James Smart 

Brendan Benson

Venue, Edinburgh
  
  


"This is our first night," says Brendan Benson. "So I'm sorry if it sounds a little rough." The man onstage - who, with his sloppy jumper and vague good looks, resembles an extra from Friends - proceeds to fluff a few intros, forget his lines and respond half-heartedly to a heckler.

This lack of assurance does not help the gig's flow and, perhaps as a consequence, Benson sometimes seems a little removed from his own back catalogue. This is a shame, because much of the three albums he has made over the last 10 years is very good indeed. Whether the punkish singer-songwriter's decent forthcoming album, The Alternative to Love, gives him the success his accessible but intelligent guitar sound arguably merits remains to be seen. Poppy melodics and tough guitars combine, woozy synths are dragged behind up-tempo rhythms and lovelorn acoustic laments build into loping instrumental grooves, while Benson sings of girls and unhappiness. It is a foot-tapping but ballsy sound, charming but never twee: the sort of music that ruffles your hair as it slaps you about the chops.

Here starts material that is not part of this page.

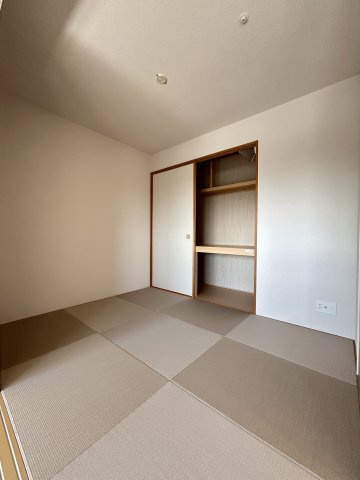 オーヴィジョン佐賀グランテラス 【和室】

He and his band leave the stage a little too soon but a new Benson, bold and intense, reappears for the encore. Piano-led new song Biggest Fan is stately and bittersweet, while the classic You're Quiet comes with a gleaming, crunchy little riff and an infectious energy rush. He rushes off, leaving the crowd to applaud an empty stage, but the impression that this might just be Benson's moment remains.

· At the Sugarmill, Stoke (0871 2302 623), tonight. Then touring.